Entries supplied:
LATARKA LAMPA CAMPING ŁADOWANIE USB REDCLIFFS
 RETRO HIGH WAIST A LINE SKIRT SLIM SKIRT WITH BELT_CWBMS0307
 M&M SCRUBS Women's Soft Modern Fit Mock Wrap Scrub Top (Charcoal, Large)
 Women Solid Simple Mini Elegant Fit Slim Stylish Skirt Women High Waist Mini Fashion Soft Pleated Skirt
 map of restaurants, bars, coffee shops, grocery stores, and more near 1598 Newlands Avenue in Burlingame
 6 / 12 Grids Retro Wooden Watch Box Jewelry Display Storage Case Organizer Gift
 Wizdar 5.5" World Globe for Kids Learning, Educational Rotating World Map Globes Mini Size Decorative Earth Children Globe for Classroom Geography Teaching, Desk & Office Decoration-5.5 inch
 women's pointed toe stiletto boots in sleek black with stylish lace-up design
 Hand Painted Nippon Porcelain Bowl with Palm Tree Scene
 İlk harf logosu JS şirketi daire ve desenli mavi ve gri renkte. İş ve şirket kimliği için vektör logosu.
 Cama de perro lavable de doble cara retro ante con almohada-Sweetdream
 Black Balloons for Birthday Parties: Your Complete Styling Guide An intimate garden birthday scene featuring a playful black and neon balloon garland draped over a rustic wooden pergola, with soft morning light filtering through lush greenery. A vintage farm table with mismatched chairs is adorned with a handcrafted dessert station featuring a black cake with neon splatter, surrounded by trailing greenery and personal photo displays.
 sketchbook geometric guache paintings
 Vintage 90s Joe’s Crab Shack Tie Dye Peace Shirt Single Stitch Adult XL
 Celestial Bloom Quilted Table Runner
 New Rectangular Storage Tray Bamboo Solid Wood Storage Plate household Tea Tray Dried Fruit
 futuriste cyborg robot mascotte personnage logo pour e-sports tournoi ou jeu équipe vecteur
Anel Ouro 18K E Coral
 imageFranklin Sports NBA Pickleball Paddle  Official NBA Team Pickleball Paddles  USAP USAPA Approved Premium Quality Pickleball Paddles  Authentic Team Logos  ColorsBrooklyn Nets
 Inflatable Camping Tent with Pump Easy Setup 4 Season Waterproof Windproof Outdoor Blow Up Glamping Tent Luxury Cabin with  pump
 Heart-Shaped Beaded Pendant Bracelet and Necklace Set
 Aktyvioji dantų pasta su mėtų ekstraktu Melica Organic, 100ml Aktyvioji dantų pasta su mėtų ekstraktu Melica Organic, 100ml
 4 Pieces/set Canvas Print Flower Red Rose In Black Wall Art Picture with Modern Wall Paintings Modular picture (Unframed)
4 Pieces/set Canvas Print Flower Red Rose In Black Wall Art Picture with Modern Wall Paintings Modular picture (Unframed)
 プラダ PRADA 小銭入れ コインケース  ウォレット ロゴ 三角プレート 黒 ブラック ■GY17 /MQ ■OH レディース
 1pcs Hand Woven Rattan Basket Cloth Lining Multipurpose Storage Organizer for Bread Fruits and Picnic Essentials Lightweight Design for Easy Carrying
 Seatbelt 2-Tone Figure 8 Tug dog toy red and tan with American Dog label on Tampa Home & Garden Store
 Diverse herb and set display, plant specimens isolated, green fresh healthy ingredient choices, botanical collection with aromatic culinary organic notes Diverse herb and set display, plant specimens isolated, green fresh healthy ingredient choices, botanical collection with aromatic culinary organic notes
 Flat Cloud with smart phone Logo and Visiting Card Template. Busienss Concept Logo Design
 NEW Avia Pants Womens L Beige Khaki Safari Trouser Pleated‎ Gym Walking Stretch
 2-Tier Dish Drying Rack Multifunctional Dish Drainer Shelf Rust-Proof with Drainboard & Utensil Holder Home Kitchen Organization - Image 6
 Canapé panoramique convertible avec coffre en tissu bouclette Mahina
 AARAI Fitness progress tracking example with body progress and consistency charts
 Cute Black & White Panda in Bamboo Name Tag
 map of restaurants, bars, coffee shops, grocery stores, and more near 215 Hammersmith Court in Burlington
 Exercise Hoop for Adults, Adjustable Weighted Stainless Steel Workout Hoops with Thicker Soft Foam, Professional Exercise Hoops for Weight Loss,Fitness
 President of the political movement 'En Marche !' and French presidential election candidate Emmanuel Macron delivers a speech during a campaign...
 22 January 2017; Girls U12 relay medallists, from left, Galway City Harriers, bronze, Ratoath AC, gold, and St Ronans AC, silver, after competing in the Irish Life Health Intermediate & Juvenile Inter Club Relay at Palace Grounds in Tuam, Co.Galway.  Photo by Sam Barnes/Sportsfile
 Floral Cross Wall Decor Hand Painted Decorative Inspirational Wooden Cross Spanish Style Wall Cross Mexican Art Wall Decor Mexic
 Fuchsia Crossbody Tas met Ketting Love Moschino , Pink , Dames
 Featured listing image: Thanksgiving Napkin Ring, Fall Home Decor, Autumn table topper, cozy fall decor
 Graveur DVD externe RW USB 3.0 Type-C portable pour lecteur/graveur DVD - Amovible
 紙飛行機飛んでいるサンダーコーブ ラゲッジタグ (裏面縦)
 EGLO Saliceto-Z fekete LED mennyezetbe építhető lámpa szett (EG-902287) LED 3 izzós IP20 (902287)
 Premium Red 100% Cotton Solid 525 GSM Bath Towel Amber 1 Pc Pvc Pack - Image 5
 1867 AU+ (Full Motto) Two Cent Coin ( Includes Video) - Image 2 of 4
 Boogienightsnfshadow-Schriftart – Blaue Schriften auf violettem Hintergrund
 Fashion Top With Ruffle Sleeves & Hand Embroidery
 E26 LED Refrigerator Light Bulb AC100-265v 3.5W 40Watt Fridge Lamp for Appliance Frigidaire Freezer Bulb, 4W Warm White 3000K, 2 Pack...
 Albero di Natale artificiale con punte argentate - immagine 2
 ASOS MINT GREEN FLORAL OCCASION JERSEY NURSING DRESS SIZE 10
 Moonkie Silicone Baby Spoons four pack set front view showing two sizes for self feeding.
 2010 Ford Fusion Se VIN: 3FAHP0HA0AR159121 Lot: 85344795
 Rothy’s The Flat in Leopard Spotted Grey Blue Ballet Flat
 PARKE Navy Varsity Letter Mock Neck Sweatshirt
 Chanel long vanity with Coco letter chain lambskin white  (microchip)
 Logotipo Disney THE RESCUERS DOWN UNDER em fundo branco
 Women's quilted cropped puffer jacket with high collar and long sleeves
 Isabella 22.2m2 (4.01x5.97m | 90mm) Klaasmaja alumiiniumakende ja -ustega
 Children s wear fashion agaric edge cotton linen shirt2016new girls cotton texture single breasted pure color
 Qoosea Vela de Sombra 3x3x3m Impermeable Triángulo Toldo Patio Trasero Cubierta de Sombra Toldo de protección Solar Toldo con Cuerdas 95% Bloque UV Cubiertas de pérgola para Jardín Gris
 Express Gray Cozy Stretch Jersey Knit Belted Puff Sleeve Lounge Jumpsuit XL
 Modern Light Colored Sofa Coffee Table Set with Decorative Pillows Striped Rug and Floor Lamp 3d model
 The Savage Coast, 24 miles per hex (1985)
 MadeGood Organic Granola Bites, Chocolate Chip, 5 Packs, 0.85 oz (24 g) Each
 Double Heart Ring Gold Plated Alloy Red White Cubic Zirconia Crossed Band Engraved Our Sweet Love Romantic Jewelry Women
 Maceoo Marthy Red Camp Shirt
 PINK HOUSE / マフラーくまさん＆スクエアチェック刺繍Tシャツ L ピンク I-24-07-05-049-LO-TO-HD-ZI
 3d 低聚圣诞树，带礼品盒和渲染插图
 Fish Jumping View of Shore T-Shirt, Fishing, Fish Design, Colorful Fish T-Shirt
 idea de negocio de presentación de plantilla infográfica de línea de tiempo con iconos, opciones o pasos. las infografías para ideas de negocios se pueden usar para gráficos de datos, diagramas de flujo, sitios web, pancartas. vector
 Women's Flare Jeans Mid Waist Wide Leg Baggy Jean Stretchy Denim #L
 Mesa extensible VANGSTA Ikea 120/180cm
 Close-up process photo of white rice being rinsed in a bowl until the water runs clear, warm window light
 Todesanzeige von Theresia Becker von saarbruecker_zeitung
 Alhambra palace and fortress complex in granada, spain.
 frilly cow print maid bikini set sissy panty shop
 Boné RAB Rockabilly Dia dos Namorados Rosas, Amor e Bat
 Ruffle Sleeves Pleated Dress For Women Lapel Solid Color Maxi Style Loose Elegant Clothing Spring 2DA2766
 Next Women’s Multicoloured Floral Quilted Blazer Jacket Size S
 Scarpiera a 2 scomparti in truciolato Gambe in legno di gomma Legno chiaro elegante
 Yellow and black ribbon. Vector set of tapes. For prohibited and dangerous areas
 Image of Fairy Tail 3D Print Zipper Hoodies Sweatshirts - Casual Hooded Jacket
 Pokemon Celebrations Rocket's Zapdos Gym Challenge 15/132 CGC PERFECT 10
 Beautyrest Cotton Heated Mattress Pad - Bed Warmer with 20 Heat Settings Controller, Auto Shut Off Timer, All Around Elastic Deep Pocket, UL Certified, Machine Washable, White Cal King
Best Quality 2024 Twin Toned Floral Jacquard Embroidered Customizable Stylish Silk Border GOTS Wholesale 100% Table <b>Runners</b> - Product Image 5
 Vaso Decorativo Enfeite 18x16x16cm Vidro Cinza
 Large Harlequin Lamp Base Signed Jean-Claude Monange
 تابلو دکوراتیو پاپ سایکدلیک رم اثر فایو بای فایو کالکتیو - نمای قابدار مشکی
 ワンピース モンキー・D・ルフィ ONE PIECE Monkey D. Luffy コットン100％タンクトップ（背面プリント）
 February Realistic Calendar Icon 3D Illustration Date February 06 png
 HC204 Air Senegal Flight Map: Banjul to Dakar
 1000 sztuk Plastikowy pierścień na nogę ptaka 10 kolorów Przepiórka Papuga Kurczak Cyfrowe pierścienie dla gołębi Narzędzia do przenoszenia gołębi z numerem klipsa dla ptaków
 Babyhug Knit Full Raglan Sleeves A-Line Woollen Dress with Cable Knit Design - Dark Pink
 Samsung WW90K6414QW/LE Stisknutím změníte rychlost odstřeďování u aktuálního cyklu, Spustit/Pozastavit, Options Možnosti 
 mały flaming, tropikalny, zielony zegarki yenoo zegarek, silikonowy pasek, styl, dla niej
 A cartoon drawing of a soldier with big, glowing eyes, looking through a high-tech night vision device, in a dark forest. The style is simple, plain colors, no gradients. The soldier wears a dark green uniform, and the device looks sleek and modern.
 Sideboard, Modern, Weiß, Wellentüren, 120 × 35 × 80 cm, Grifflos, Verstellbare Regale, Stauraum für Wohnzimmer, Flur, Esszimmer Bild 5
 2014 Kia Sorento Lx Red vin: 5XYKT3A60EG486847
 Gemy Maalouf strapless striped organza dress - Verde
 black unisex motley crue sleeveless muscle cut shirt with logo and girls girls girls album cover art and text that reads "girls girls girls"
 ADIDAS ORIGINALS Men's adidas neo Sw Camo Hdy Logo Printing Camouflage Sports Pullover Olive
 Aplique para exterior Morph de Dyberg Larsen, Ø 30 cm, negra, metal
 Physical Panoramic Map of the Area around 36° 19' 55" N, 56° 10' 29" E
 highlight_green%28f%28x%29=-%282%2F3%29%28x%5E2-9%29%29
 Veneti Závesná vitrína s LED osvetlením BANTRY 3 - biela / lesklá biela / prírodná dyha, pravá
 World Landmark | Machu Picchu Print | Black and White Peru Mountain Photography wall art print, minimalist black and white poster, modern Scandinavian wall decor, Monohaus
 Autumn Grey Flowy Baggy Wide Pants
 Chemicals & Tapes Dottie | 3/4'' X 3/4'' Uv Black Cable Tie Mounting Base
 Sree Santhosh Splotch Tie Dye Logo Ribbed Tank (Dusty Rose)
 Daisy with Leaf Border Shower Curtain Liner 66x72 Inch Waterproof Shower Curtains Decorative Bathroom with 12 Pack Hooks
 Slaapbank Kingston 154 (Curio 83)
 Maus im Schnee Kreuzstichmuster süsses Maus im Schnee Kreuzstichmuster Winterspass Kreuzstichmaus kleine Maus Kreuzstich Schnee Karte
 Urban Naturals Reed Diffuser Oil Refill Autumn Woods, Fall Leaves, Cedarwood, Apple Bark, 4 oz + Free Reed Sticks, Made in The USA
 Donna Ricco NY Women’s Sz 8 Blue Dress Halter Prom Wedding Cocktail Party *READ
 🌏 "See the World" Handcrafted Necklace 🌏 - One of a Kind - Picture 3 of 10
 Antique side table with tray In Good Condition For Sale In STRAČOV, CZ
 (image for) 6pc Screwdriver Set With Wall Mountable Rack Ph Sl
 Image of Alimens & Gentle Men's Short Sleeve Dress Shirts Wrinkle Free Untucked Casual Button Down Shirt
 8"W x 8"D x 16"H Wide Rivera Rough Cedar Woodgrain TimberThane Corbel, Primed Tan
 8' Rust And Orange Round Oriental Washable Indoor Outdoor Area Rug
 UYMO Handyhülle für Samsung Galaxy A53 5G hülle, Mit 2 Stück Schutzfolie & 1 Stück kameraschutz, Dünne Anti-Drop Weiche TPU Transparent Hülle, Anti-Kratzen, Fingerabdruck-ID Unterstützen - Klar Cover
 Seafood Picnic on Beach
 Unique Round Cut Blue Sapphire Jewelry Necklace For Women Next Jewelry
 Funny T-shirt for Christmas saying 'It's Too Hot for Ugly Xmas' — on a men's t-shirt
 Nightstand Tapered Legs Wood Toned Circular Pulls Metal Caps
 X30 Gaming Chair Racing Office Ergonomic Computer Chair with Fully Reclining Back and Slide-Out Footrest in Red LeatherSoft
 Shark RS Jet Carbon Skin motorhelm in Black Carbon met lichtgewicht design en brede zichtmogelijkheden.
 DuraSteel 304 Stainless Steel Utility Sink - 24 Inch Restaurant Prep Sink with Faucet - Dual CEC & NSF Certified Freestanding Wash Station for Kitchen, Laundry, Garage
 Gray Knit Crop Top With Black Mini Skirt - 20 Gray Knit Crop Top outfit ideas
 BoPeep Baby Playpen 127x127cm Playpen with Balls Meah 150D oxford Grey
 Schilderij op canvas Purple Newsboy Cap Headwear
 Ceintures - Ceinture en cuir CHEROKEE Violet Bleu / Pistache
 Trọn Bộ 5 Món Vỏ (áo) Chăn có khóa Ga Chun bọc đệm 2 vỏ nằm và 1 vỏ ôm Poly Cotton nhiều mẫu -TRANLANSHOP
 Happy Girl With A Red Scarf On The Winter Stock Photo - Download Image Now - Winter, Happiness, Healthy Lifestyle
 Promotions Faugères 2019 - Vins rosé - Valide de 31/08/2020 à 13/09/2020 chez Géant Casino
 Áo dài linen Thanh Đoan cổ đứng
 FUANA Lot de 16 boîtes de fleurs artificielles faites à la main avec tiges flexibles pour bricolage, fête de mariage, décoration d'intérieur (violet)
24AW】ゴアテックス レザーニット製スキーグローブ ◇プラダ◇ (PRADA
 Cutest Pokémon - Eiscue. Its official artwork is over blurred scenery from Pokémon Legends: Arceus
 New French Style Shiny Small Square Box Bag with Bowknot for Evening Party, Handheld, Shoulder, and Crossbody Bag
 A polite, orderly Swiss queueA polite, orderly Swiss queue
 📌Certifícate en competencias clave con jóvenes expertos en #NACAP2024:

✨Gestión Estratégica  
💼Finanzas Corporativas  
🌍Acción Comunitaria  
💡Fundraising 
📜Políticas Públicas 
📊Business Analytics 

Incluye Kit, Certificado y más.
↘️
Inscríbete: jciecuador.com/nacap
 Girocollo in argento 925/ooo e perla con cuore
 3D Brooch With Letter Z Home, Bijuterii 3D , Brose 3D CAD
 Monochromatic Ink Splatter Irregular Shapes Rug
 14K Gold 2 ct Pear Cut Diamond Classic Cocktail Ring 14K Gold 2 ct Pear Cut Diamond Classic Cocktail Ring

Aim of the task:
Copy every line of the records above that contains "sleek".

Problem solution:
 women's pointed toe stiletto boots in sleek black with stylish lace-up design
 A cartoon drawing of a soldier with big, glowing eyes, looking through a high-tech night vision device, in a dark forest. The style is simple, plain colors, no gradients. The soldier wears a dark green uniform, and the device looks sleek and modern.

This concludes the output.